▶ _EXERCISE DESCRIPTION_
Output the listing verbatim, leaving out every picture.

▶ _GIVEN MATERIAL_
· · · · · · ·
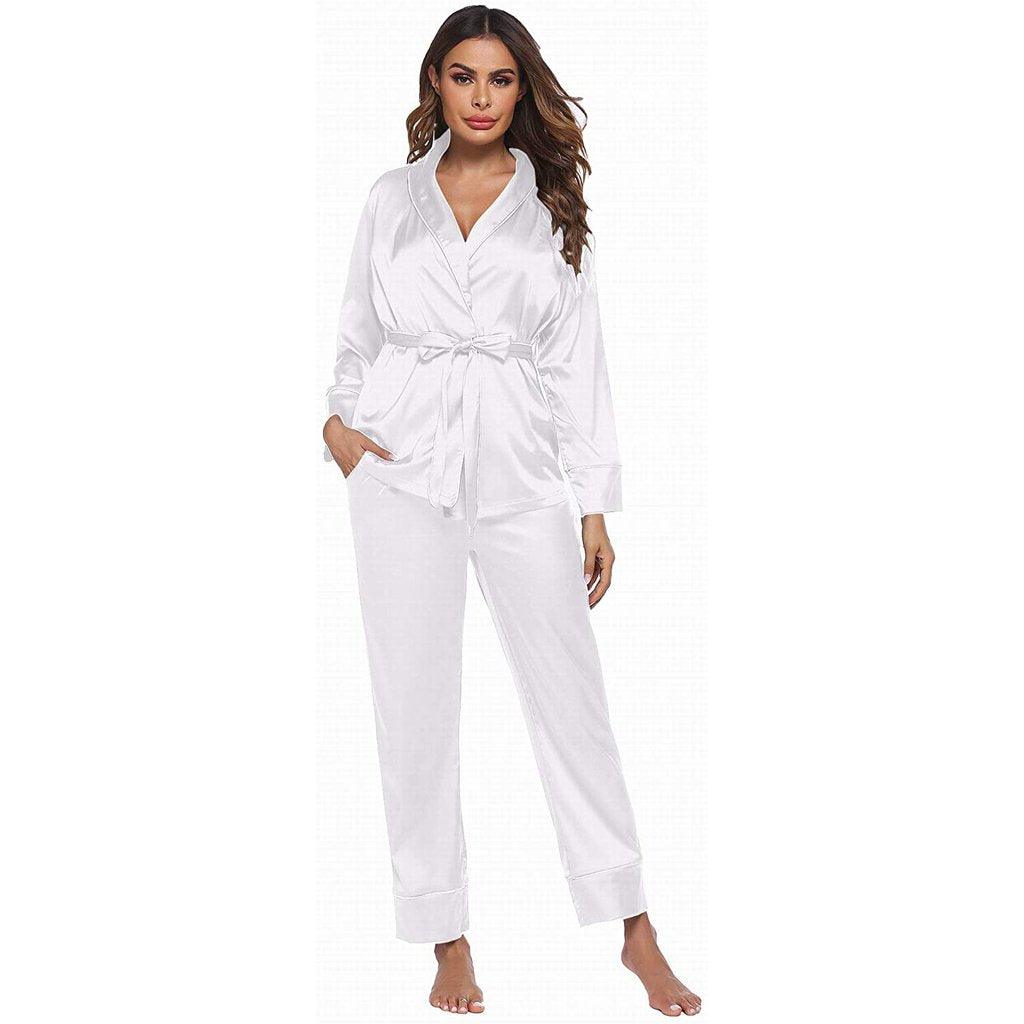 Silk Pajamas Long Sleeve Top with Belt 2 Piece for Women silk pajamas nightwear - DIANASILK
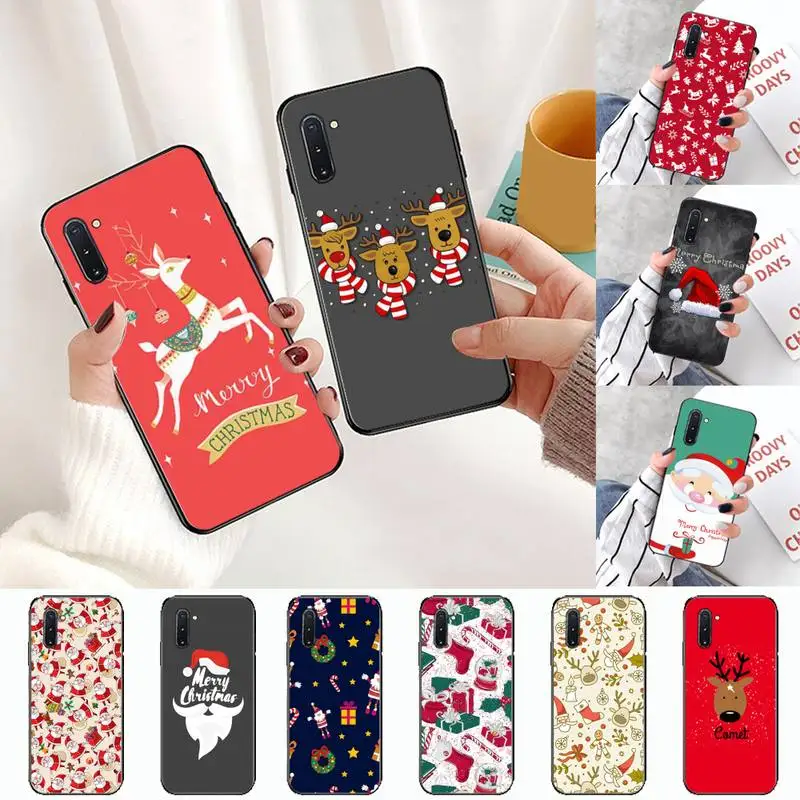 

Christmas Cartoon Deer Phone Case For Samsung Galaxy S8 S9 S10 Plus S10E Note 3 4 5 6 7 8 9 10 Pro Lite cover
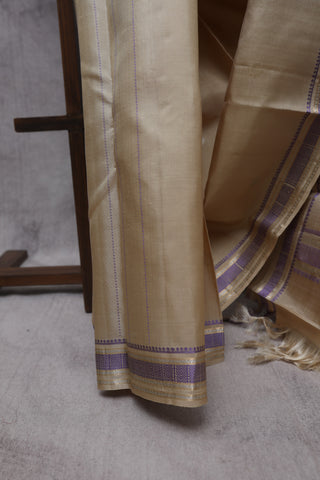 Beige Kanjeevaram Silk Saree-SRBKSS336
· · · · · · ·
▶ _RESPONSE TO THIS EXERCISE_
 Silk Pajamas Long Sleeve Top with Belt 2 Piece for Women silk pajamas nightwear - DIANASILK

Christmas Cartoon Deer Phone Case For Samsung Galaxy S8 S9 S10 Plus S10E Note 3 4 5 6 7 8 9 10 Pro Lite cover
 Beige Kanjeevaram Silk Saree-SRBKSS336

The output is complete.